Look through the data below for the line with "Read more about" and the line with "7925 160th St, Tinley Park, IL 60477", then transcribe exactly from the first through the second, leaving out all pictures.

INFORMATION PROVIDED =>
+===+

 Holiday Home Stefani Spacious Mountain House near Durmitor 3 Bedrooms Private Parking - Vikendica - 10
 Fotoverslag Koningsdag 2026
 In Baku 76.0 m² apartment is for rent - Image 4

+===+

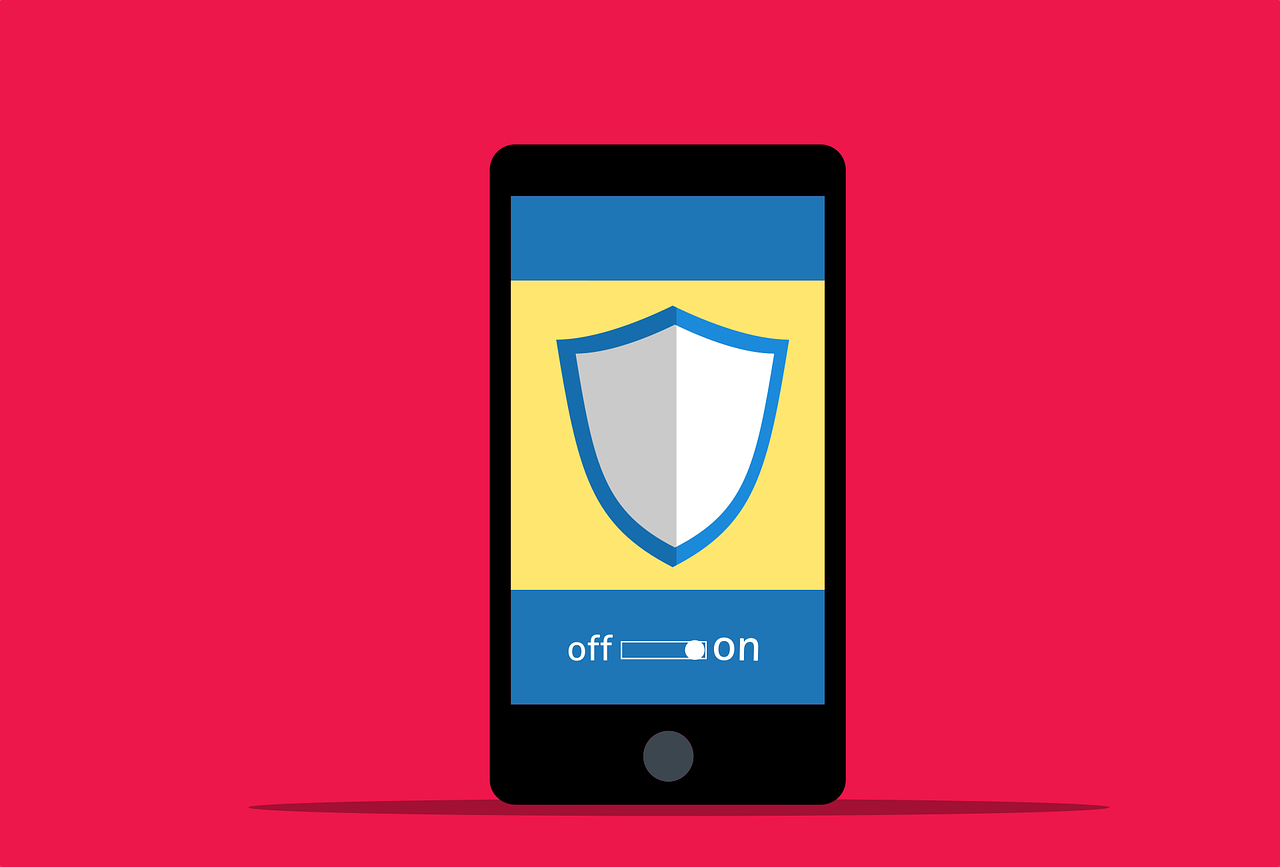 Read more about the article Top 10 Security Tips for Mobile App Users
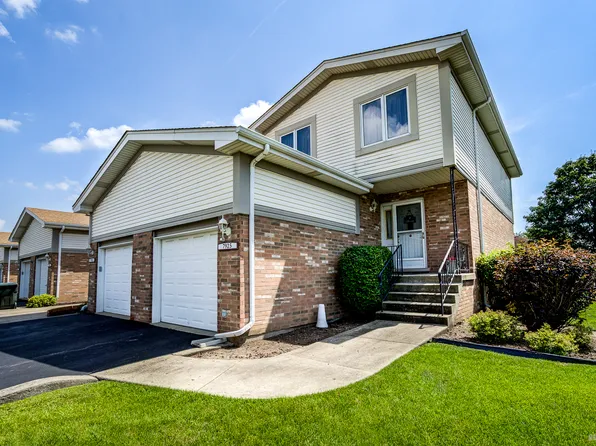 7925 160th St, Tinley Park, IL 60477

+===+

EXERCISE OUTPUT =>
 Read more about the article Top 10 Security Tips for Mobile App Users
 7925 160th St, Tinley Park, IL 60477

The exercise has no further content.